Annual Gift Tax Exclusion and Gift Tax Exemption.

FLPs are often designed to reduce estate and gift taxes by taking advantage of valuation discounts while making gifts utilizing one's annual gift tax exclusion of $12,000 and the gift tax exemption of $1,000,000.

Once an FLP has been established and property is transferred thereto, limited partnership interests may be given to on family by means of an annual program taking advantage of the $12,000 annual gift tax exclusion. Larger blocks of limited partnership interests, taking advantage of the gift tax exemption, may also be made without incurring gift tax.

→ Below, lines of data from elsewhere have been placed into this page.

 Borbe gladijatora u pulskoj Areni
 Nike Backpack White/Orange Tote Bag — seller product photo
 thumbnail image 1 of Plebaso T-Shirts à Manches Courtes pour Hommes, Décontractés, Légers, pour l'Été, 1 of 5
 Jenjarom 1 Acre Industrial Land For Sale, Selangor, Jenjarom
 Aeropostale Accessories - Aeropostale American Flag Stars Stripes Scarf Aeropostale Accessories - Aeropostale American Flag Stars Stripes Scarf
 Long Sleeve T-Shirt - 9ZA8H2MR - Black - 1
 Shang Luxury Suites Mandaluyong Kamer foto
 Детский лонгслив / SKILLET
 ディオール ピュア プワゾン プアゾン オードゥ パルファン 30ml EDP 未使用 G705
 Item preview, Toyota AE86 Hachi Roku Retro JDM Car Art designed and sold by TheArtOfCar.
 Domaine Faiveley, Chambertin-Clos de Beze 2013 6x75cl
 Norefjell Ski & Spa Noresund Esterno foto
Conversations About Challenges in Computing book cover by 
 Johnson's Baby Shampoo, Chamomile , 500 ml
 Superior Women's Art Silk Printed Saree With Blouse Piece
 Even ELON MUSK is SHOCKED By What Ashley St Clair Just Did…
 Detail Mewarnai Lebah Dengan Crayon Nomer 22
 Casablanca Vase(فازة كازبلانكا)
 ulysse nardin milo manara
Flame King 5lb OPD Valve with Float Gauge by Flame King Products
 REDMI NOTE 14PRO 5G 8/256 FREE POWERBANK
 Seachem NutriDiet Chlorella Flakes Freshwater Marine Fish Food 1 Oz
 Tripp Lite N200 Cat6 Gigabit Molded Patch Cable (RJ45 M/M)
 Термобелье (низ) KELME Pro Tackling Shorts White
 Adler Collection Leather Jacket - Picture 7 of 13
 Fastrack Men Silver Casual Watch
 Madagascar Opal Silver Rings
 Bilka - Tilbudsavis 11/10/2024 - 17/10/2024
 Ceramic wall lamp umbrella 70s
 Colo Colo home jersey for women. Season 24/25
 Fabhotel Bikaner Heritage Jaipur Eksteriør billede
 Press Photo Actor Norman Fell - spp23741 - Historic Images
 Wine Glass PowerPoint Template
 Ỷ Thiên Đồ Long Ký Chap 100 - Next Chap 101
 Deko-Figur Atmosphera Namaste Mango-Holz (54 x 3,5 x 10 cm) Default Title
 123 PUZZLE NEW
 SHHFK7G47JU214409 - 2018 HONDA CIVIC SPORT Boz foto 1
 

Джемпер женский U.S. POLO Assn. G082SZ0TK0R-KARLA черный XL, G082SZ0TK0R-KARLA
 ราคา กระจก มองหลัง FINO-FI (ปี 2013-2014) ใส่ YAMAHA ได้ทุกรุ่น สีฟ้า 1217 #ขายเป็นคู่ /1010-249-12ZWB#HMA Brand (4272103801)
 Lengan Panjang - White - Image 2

Shielding Assets from Creditors.

An FLP provides a substantial measure of protection against creditors. By using such an entity, the family assets will be titled away from one's family, although they are given ownership in the family assets. Without the partnership, a transfer to a child could involve giving title to the child, exposing the title to creditors, spouses, and taxing authorities. The transfer of limited partnership interests passes no control, and any claims by creditors, spouses, or taxing authorities against a child may only be asserted against the limited partnership interests without the ability to reach the property itself.

Absent a fraudulent conveyance, a Florida judgment creditor cannot reach the assets inside the partnership and cannot attach the partnership interest. A creditor is limited to obtaining a charging lien. This means that the creditor would be entitled to distributions only when the FLP actually declares distributions.

If no distributions were made, then the creditor would receive nothing. Additionally, the IRS has ruled that a creditor with a charging lien on a partnership interest must recognize a pro rate share of the partnership's income, whether or not it is distributed. Accordingly, creditors rarely assert charging liens against partnership interests or will settle their claims at a substantial discount.

Conclusion.

Taking steps to protect your assets from creditors' claims, the availability of valuation discounts to reduce the estate or gift tax value of an FLP, and strategic use of the annual gift tax exclusion and gift tax exemption can result in significant preservation of your assets.

By: Joshua Keleske
Joshua T. Keleske, P.A. proudly serves families in the Tampa Bay area with their estate planning, estate and trust administration, and business planning needs. If you have questions regarding how we can be of assistance to you and your family, please contact us at anytime at 813-254-0044. We are happy to answer your questions and arrange for an appointment to speak with you.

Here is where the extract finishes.